Communicator

Communicator transfers parameters over the compute graphs.

This is an alias to communicator.py.

Communicator interface

class nnabla.communicators.Communicator

Communicator interface class.

Communicator exchanges data (e.g., gradient) using MPI-like collectives. This class is used for the distributed training.

abort(self): Terminates MPI execution environment

add_context_and_parameters(self, ctx_param_dict)

Add context and parameters.

Parameters:: ctx_param_dict (tuple of Context, dict) – Key of the dictionary is string and value of the dictionary is Variable.

all_gather(self, ndarray, ndarray_list, string group='world')

All gather over data in different device.

Parameters:

ndarray (NdArray) – Data to be gathered.
ndarray_list (NdArray) – Data to be saved.
group (string) – Name of a group. This groups is used when the collective is called.

Example:

# Run like `mpirun -n 2 python <code_snippet.py>`
# note: the order of the output to stdout are stochastic because of multiprocesses.

# Communicator and Context
import numpy as np
import nnabla as nn
import nnabla.communicators as C
from nnabla.ext_utils import get_extension_context

extension_module = "cudnn"
ctx = get_extension_context(extension_module)
comm = C.MultiProcessCommunicator(ctx)
comm.init()

# Data
x = nn.Variable([2, 2])
x.d = np.random.rand(*x.shape)
y_list = [nn.Variable([2, 2]), nn.Variable([2, 2])]
print("Before the collective ({}-th)".format(comm.rank))
print(x.d)

# AllGather
comm.all_gather(x.data, [y.data for y in y_list])

# Check
print("After the collective ({}-th)".format(comm.rank))
for y in y_list:
    print(y.d)

all_reduce(self, data, bool division=False, bool inplace=False, string group='world')

All reduce over data in different device.

Parameters:

data (NdArray or list of NdArray) –
division (bool) – Flag to divide the reduce data by the number of contexts added, or the number of devices.
inplace (bool) – Flag to use a packed array. Default is false. When true, it is memory-efficient but slow. When false, it is not memory efficient but fast. In both case, one can get the result in the same memory region.
group (string) – Name of a group. This groups is used when the collective is called.

Example:

# Run like `mpirun -n 2 python <code_snippet.py>`
# note: the order of the output to stdout are stochastic because of multiprocesses.

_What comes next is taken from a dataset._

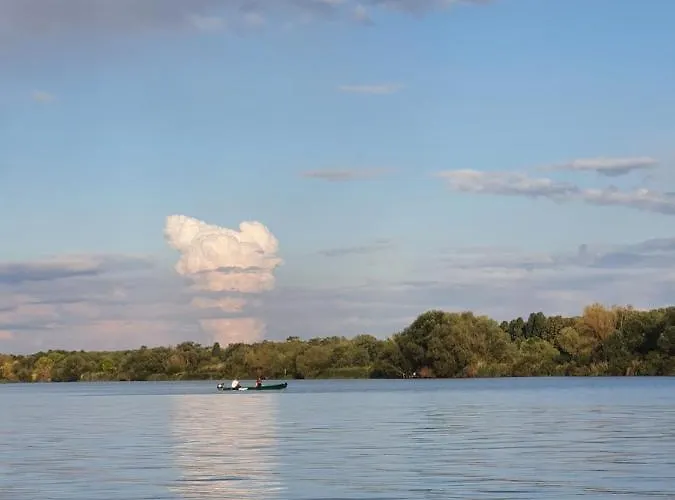 Tisza-tavi Kiserdo Vendeghaz Дом отдыха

# Communicator and Context
import numpy as np
import nnabla as nn
import nnabla.communicators as C
from nnabla.ext_utils import get_extension_context

extension_module = "cudnn"
ctx = get_extension_context(extension_module)
comm = C.MultiProcessCommunicator(ctx)
comm.init()

# Data
x_list = [nn.Variable([2, 2]), nn.Variable([2, 2])]
print("Before the collective ({}-th)".format(comm.rank))
for x in x_list:
    x.d = np.random.rand(*x.shape)
    print(x.d)

# AllReduce
comm.all_reduce([x.data for x in x_list], inplace=True)

# Check
print("After the collective ({}-th)".format(comm.rank))
for x in x_list:
    print(x.d)

all_reduce_callback(self, data, size_t pack_size, bool division=False, string group='world', float scale_grad=1, bool keep_dtype=False)

All reduce over data in different device.

Note

This function does not support shared parameters (such as RNNs) currently.

Parameters:

data (NdArray or list of NdArray) –
pack_size (int) – The number of values contained in the packed data.
division (bool) – Flag to divide the reduce data by the number of contexts added, or the number of devices.
group (string) – Name of a group. This groups is used when the collective is called.
scale_grad (float) – Apply scaling by the specified factor before performing all-reduce. This is useful when you apply loss scaling in mixed precision training and cancel it for gradient arrays before all-reduce.
keep_dtype (bool) – If True, the dtype of arrays is kept the same regardless of communicator’s dtype used in all-reduce operation. This is useful when you use the all-reduce callback in mixed precision training and when any of gradient NdArray`s is narrowed by :py:meth:`NdArray.narrow. In this case, you will get an error unless you specify True because a narrowed array prohibits dtype casting.

Example:

In case of the multi-process data parallel distributed training,

# Run like `mpirun -n 2 python <code_snippet.py>`

# Communicator and Context
import numpy as np
import nnabla as nn
import nnabla.communicators as C
from nnabla.ext_utils import get_extension_context

extension_module = "cudnn"
ctx = get_extension_context(extension_module)
comm = C.MultiProcessCommunicator(ctx)
comm.init()

n_class = 2
b, c, h, w = 4, 1, 32, 32

# Data
x = nn.Variable([b, c, h, w])
y = nn.Variable([b, 1])

# Network setting
h = PF.convolution(x, 1, (3, 3), (1, 1), (1, 1))
pred = PF.affine(h, 2)
loss = F.mean(F.softmax_cross_entropy(pred, y))

loss.forward()
# AllReduce during backward
loss.backward(communicator_callbacks = comm.all_reduce_callback([v.grad for v in nn.get_parameters().values()], 1024 * 1024 * 2))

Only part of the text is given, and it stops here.